Judge Trenton Brown III asked whether Webster thought the parties anticipated the possibility of this sort of outcome. Webster replied that the whole purpose of the section was to enumerate what to do in the event of unanticipated outcomes. He also noted that the contract does cover divorce in another paragraph but never linked it to the provision specifying what to do in the event of a disagreement.

Crouch, on the other hand, said divorce fits into the context of an inability to disagree. Furthermore, she argued that the case law that the trial court cited concerned disputes of monetary value, as opposed to “the significant ramifications of forcing a person into parenthood with a woman to whom he was not married” and “weighing the parties’ interest in procreation or not to procreate.”

Judge E. Trenton Brown III, Georgia Court of Appeals. Judge E. Trenton Brown III, Georgia Court of Appeals. (Courtesy photo)

Webster disagreed with this final concept Crouch raised. Instead, he said the desire to not procreate was a strong interest that required a balancing test, but that there is no right to not procreate.

Brown asked Crouch why, then, the trial court’s order wasn’t supported by the record. According to Crouch, at trial, the appellee “argued strenuously and repeatedly that this was a human life, that she should give life to it and that it was a forced abortion.

Crouch went on to say that “This was post-[Dobbs v. Jackson], so the arguments that were being made to the trial court were highly emotional and somewhat polarizing. If you ask me why I think the judge [ruled this way], I don’t think any superior court judge wants to be on the front page of the paper saying, ‘I took away this woman’s last best chance.”
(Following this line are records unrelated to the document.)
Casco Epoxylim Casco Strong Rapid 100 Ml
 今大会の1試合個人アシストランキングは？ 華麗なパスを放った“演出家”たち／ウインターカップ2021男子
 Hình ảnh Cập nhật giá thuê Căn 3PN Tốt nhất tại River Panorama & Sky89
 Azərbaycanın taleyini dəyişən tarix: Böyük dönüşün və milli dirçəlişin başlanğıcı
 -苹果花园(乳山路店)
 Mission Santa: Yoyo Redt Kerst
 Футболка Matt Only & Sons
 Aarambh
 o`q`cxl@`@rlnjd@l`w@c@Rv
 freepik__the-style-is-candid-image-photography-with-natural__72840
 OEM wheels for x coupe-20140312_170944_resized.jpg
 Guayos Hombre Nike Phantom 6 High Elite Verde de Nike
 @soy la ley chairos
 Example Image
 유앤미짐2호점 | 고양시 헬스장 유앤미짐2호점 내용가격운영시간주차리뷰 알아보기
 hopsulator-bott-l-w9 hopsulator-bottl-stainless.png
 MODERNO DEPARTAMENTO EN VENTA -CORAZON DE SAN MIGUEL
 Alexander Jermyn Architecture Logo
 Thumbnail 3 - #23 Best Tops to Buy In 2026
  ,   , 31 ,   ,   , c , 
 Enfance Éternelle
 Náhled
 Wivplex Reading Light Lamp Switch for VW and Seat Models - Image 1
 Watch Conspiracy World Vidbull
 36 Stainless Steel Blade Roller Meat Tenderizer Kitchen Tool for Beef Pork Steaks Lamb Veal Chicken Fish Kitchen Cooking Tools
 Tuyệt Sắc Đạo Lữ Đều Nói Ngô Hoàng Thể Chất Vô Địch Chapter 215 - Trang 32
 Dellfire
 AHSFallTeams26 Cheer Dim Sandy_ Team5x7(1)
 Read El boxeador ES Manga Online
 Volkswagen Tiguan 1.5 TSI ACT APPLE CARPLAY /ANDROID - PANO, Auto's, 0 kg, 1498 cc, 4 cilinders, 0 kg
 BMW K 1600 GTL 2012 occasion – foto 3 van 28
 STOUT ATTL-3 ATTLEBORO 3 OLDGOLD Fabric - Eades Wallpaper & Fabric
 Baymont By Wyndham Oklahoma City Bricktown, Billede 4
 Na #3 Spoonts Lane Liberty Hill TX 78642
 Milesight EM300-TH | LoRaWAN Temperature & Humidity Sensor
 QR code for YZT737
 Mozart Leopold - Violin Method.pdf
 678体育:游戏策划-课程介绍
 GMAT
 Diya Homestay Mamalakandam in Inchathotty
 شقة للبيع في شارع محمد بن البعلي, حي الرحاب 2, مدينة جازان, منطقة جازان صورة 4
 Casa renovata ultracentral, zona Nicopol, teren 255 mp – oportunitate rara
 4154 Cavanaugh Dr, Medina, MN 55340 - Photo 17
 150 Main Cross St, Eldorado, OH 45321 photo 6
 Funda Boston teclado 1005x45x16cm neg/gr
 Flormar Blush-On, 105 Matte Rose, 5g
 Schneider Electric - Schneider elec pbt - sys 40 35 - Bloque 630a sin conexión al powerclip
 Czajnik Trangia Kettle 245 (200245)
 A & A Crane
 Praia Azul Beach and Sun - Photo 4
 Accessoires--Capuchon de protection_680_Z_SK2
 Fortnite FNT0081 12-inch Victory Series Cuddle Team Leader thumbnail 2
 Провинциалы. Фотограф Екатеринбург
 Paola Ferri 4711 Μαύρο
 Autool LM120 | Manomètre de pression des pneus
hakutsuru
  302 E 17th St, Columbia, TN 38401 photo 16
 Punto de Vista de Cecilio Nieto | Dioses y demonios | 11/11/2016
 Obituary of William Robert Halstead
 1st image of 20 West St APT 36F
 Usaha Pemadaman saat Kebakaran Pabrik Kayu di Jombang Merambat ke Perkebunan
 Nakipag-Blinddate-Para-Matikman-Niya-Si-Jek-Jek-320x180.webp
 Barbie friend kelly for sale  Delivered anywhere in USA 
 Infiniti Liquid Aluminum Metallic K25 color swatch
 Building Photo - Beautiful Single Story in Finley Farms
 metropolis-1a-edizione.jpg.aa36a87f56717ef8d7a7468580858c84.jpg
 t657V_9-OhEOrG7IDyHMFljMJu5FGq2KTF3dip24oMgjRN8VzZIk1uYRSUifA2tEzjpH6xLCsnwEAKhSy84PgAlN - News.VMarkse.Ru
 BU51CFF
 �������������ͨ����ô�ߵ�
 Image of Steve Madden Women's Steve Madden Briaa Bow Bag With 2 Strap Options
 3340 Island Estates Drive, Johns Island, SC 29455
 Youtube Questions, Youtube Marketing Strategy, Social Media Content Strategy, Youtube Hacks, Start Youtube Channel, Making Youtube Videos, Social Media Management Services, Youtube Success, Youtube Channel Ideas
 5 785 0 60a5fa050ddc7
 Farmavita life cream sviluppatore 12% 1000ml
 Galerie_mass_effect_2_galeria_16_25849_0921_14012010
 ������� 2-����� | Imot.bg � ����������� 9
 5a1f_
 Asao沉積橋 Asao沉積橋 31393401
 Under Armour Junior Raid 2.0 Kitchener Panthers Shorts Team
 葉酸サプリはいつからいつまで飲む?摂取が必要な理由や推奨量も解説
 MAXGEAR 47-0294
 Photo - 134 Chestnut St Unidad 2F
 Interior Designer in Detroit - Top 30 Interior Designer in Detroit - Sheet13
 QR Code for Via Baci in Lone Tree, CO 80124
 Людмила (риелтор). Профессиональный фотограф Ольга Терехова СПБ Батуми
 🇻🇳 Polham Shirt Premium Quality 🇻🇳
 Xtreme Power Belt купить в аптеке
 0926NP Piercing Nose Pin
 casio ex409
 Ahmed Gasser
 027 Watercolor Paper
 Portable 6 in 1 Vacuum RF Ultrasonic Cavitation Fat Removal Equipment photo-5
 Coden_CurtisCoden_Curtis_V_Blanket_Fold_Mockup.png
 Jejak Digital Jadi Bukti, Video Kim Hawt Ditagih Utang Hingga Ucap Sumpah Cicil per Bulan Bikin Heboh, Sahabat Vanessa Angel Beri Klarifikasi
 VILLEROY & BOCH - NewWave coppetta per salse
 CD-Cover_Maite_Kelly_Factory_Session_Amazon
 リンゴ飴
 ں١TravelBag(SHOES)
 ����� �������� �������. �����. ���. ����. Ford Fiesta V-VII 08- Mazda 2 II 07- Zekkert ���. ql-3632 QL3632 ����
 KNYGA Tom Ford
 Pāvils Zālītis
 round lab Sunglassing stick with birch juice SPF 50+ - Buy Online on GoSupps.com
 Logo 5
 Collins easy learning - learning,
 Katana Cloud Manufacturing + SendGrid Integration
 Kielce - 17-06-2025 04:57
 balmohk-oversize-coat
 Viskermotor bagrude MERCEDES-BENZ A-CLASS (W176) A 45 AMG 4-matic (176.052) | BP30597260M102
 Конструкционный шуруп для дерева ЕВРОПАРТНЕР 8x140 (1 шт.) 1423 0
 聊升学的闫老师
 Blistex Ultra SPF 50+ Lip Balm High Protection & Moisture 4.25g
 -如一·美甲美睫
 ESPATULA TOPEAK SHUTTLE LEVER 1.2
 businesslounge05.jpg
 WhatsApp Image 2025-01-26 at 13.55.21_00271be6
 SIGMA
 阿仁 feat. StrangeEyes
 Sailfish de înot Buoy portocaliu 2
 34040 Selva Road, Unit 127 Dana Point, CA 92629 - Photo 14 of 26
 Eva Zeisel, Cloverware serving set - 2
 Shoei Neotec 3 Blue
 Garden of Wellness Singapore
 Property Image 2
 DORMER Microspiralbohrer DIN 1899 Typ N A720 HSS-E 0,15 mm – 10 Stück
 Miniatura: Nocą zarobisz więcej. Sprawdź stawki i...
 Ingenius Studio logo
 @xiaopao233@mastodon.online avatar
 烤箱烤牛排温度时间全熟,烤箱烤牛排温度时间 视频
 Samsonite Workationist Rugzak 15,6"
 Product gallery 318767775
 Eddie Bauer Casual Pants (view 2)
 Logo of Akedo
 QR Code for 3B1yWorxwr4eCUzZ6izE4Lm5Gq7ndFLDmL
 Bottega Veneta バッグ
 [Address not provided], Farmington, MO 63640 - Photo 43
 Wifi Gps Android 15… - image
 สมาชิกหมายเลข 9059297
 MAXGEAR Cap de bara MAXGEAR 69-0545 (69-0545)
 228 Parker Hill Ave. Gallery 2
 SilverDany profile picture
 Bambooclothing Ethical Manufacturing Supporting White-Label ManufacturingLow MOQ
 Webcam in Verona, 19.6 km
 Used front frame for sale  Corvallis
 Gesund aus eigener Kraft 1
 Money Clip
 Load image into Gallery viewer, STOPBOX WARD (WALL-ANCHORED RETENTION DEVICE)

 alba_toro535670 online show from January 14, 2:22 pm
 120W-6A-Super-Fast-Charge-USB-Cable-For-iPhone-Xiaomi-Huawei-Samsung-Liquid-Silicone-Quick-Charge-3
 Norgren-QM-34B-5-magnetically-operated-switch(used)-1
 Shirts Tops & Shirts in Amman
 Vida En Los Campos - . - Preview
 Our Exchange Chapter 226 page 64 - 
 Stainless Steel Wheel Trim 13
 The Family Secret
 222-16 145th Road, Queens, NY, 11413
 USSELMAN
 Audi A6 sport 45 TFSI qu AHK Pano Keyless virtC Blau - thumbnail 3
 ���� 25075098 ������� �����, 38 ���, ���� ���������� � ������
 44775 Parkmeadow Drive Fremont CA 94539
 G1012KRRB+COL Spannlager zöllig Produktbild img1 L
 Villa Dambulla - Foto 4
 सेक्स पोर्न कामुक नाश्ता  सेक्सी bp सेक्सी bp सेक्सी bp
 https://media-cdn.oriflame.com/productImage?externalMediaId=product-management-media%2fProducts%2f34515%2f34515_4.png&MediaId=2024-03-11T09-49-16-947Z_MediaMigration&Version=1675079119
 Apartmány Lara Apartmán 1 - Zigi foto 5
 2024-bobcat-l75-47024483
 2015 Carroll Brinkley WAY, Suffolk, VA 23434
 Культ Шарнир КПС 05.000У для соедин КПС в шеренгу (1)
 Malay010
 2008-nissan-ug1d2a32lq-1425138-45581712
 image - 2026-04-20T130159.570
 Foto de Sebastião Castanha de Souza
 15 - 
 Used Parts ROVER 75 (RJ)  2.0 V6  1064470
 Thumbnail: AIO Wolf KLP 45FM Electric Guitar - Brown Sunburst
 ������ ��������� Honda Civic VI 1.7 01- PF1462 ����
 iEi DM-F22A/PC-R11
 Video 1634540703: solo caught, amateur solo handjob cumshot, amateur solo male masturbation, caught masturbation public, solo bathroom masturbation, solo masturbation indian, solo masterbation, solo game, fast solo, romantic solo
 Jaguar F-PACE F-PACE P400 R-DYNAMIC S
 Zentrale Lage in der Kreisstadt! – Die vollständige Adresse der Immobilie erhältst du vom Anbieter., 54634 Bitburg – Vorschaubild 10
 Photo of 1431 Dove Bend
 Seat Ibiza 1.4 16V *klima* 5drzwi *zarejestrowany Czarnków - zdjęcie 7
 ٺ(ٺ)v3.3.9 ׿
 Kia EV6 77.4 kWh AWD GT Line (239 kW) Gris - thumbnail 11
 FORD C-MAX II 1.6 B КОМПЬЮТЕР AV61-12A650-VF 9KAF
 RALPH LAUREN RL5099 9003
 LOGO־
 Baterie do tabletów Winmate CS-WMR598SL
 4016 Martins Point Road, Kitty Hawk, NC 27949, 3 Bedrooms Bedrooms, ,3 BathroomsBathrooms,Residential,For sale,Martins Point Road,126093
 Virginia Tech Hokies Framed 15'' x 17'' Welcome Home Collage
In addition to Brown, the case was heard by Presiding Judge Anne Elizabeth Barnes and Judge Todd Markle. The original case was presided over by Judge Travis Sakrison in the Superior Court of Coweta County, No. 22CV45. Additional counsel included John Cunningham for the respondent-appellant and Desiree Duke for the petitioner-appellee.

The case is Jonathan Smith v. Lauri Smith, No. A23A0896, in the Georgia Court of Appeals.